Update 4/5/09: The wandering Australian does an analysis by institution.
Today, because I have way to many deadlines fast approaching, I needed to waste some time (procrastineerering), I decide to take a look at the last years worth of scited papers on the quant-ph section of scirate.com. The question I wanted to investigate is where quantum computing theory is occurring worldwide. So I took the top scited papers scoring over 10 scitations (42 papers in all) and looked at the affiliations of the authors: each co-author contributed a fractional score to their particular region (authors with multiple affiliations had their votes split.) And yes, I decided to lump all of Europe together and combined Japan and China (sorry). The results are as follows:
- US: 40.07%
- Europe: 30.68%
- Canada: 18.75%
- Singapore: 5.54%
- China/Japan: 3.77%
- Australia: 1.19%
Of course these results are subject to a plethora of problems: I mean the idea that one can extrapolate from a half rate voting website is silly! But that's what blogs are for, no? So let's plunge in :)
To me it was interesting to see that the U.S. is doing as well as it is, considering that fact that there have been considerably less hires of junior faculty in the U.S. in quantum computing that elsewhere. In looking at this it seems pretty clear to me at lot of this has to do with two institutions: Caltech (the IQI) and MIT. Another interesting fact for me was that Canada did not score as high as I would have expected, considering the vast resources that exist at the University of Waterloo and the Perimeter Institute. Finally it was quite impressive to look at the number of European contributions from the U.K.: far higher than I had appreciated.
So what conclusion should you draw from this? Probably none at all, considering the suspect methodology, but if you want something to write home about it's probably: the U.S. is behind the combined juggernaut of Canada and Europe :)
- Log in to post comments
You do realize that this could simply be a function of your readership, right?
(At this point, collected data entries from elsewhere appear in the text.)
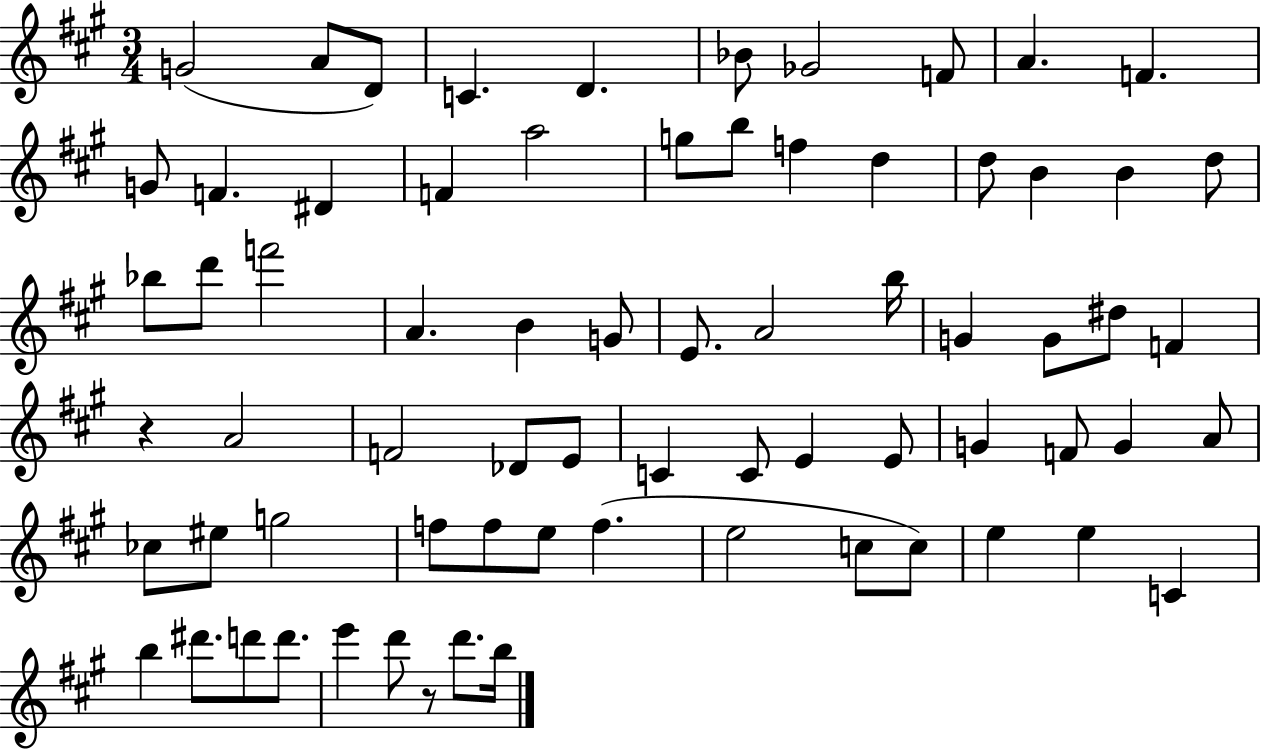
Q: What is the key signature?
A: A major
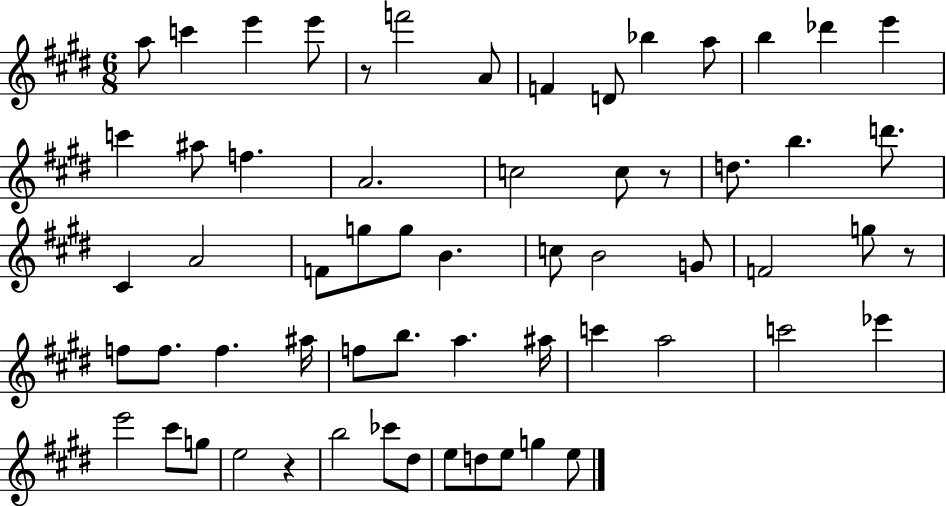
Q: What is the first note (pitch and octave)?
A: A5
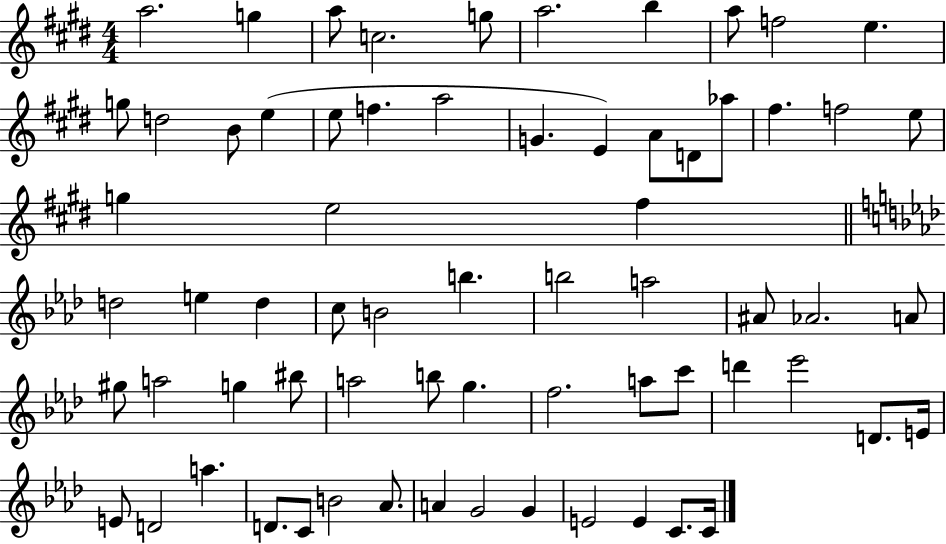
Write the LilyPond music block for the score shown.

{
  \clef treble
  \numericTimeSignature
  \time 4/4
  \key e \major
  a''2. g''4 | a''8 c''2. g''8 | a''2. b''4 | a''8 f''2 e''4. | \break g''8 d''2 b'8 e''4( | e''8 f''4. a''2 | g'4. e'4) a'8 d'8 aes''8 | fis''4. f''2 e''8 | \break g''4 e''2 fis''4 | \bar "||" \break \key f \minor d''2 e''4 d''4 | c''8 b'2 b''4. | b''2 a''2 | ais'8 aes'2. a'8 | \break gis''8 a''2 g''4 bis''8 | a''2 b''8 g''4. | f''2. a''8 c'''8 | d'''4 ees'''2 d'8. e'16 | \break e'8 d'2 a''4. | d'8. c'8 b'2 aes'8. | a'4 g'2 g'4 | e'2 e'4 c'8. c'16 | \break \bar "|."
}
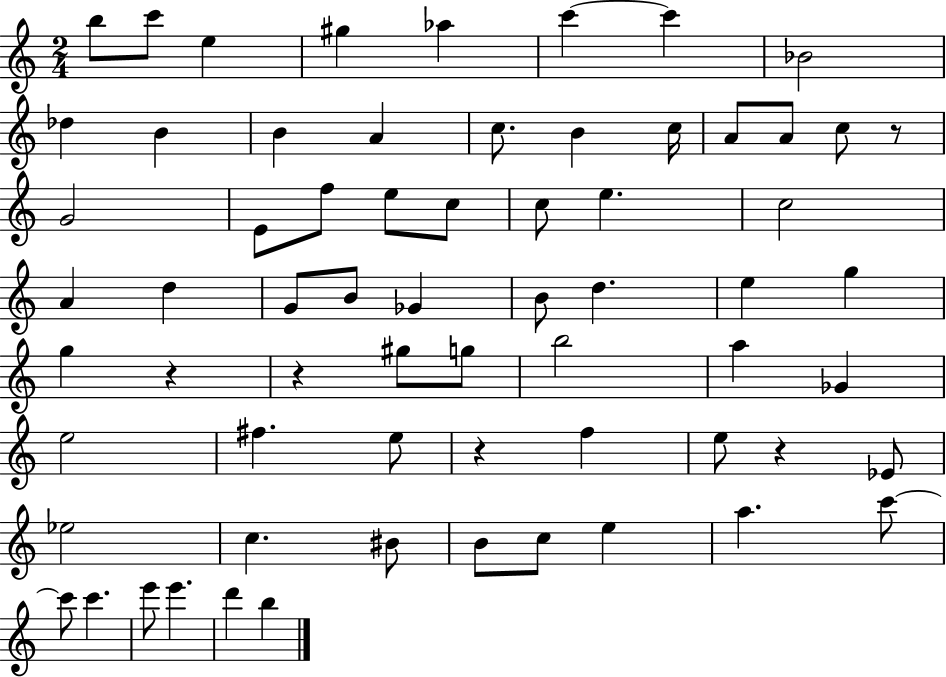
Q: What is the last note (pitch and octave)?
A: B5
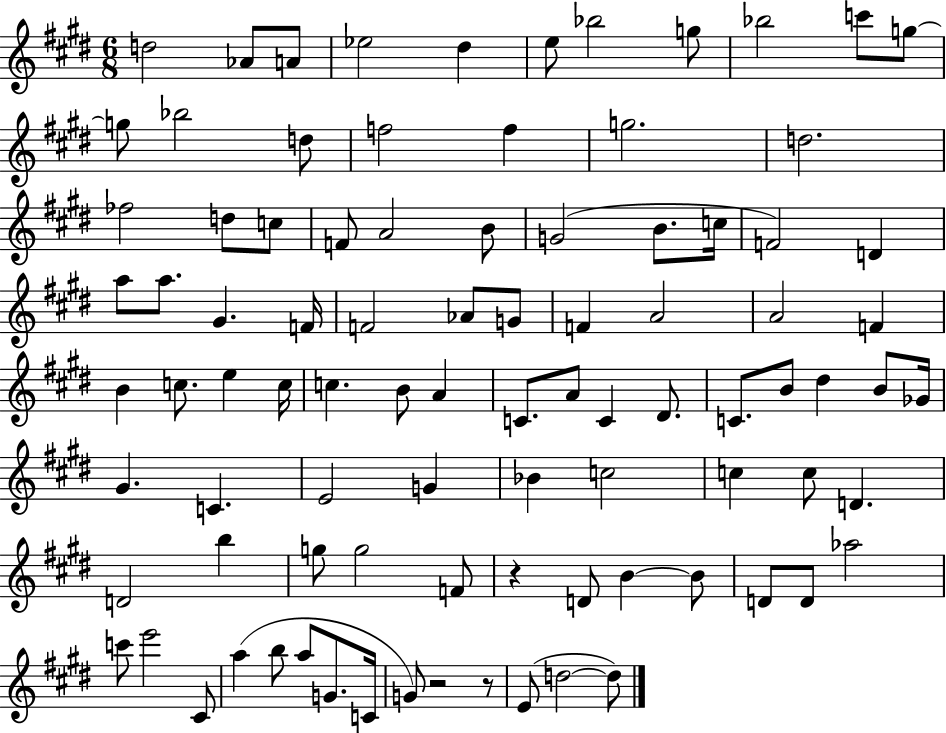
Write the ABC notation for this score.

X:1
T:Untitled
M:6/8
L:1/4
K:E
d2 _A/2 A/2 _e2 ^d e/2 _b2 g/2 _b2 c'/2 g/2 g/2 _b2 d/2 f2 f g2 d2 _f2 d/2 c/2 F/2 A2 B/2 G2 B/2 c/4 F2 D a/2 a/2 ^G F/4 F2 _A/2 G/2 F A2 A2 F B c/2 e c/4 c B/2 A C/2 A/2 C ^D/2 C/2 B/2 ^d B/2 _G/4 ^G C E2 G _B c2 c c/2 D D2 b g/2 g2 F/2 z D/2 B B/2 D/2 D/2 _a2 c'/2 e'2 ^C/2 a b/2 a/2 G/2 C/4 G/2 z2 z/2 E/2 d2 d/2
I'm not sure it's the most scientific of metrics.
And apparently you admitted as such in your last paragraph. Sorry. I've spent the day dealing with administrative crap including new state legislation requiring that we pay them lots of money to use some equipment we've been using for twenty years.
It is interesting that the US postdoc factory model works so well for producing good science.
Have you tried the analysis by institution?
Any bets on which institution tops the score? What about the top 3?